The first pair of six massive coke drums slowly inched their way up Pacific Coast Highway and Sepulveda Boulevard Wednesday night from Redondo Beach to El Segundo's Chevron oil refinery.
The drums completed their 4.5-mile journey shortly after 2 a.m. when they made the final turn into the refinery at the intersection of Pacific and Rosecrans Avenue in Manhattan Beach.
According to Chevron public and government affairs manager Rod Spackman, the first move went off without a hitch and even finished earlier than expected.
"It went very smooth all in all," Spackman said. "Things moved very well."
Although the drums mainly traveled through the early morning hours, small groups of curious spectators were found scattered along the route.
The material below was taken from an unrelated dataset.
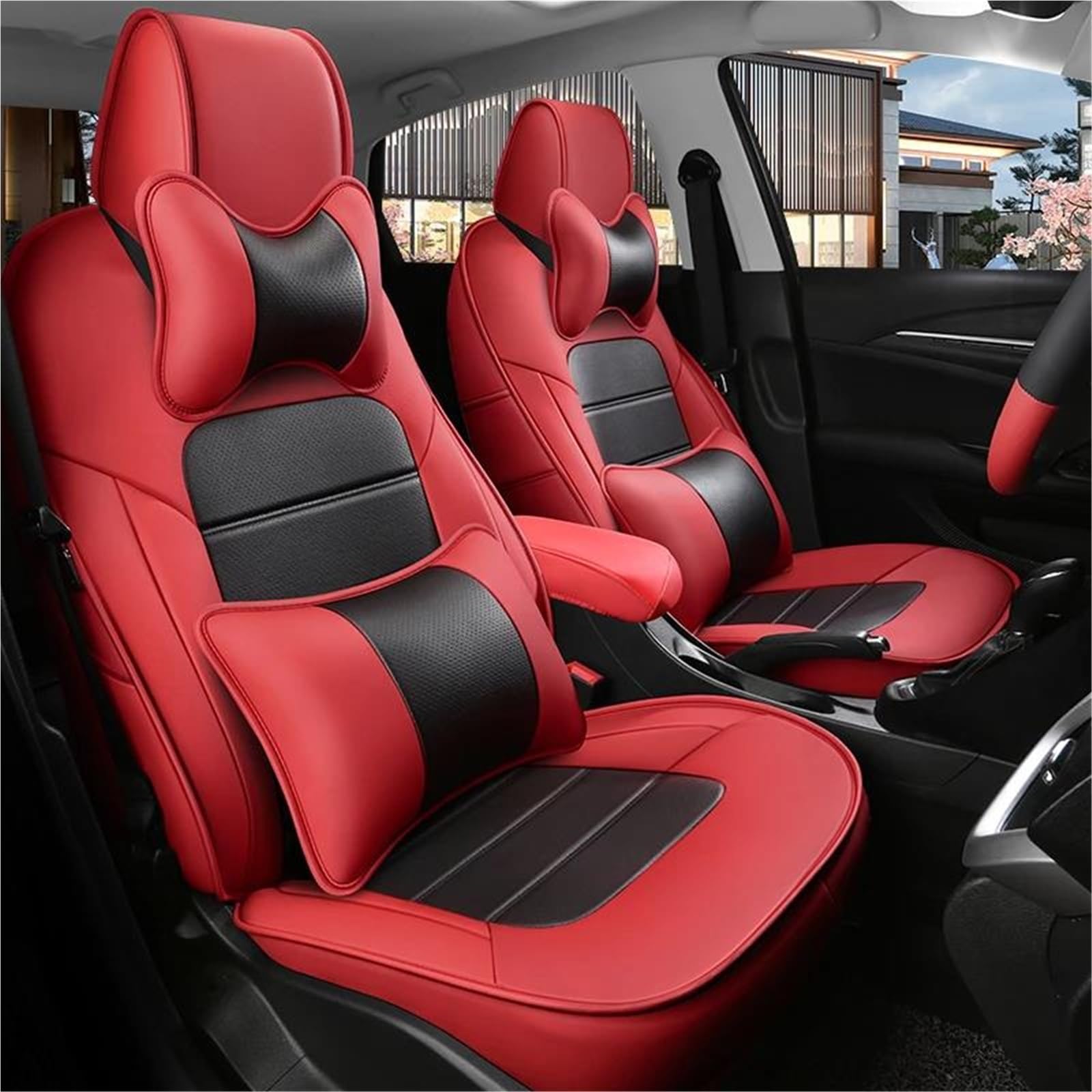 DZSFSTRHRRT Sitzbezüge Auto Luxus Full Set Custom Leder Auto Sitzbezüge Für Nissan Für Qashqai j11 2016 2017 2018 Auto Zubehör Schutzhülle Autositzbezüge(Red+Cushion) von DZSFSTRHRRT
Some parked their cars at nearby parking lots while others spilled out of local bars – some of the few businesses still open at the hour.
Outside of the Pacific Palms apartments in Hermosa Beach, apartment manager Eileen Burkey stood outside in her pajamas along with other residents who hoped to catch a closer glimpse at the oddity passing by.
"I have been here almost 20 years and I have never seen anything like this," Burkey said. "This is something we won't see again."
Unknown to Burkey though, she will be seeing the same thing happen twice more over the next two weeks.
Chevron plans to repeat the exact process next Wednesday and the Wednesday after that as four more drums must be moved from Redondo's King Harbor to the refinery.
Measuring 100 feet long and 28 feet wide, the transportation of the drums is an engineering feat that requires careful planning and coordination between multiple state and local agencies.
While Spackman kept tight lipped on how much the move was costing Chevron, he did say that not including police, more than 250 people worked to move the drums Wednesday night alone.
Police from Redondo Beach, Hermosa Beach, Manhattan Beach, El Segundo and Hawthorne all assisted the California Highway Patrol in escorting the drums down Pacific Coast Highway.
Weighing more than 860,000 pounds each, the drums and their transporter required that Chevron carefully analyze how the weight would affect the infrastructure and roads of each beach city.
To do so, Chevron hired Plump Engineering, the same company that helped meticulously plan the movement of both Space Shuttle Endeavour and the 340-ton LACMA rock through the streets of Los Angels.
For the past 12 months, Plump planned how to best safeguard roadways, sewer lines, underground utilities and above ground wires and poles during the transportation of the drums.
“At this stage, we have this transportation process down to a science; however, with the coke drum project, moving six gigantic objects verses one required special planning and a detailed, time-sensitive schedule," said Plump Engineering principal Richard Plump. "There is a lot of complexity involved in preparing and conducting a move of this scale."
Spackman said that street lights and power lines were replaced all the way to the intersection of Pacific Coast Highway and Artesia Boulevard by 2:30 a.m. and the rest of the route would be repaired before 5 a.m.
The next big move will occur beginning at 10 p.m. on Wednesday, Feb. 27.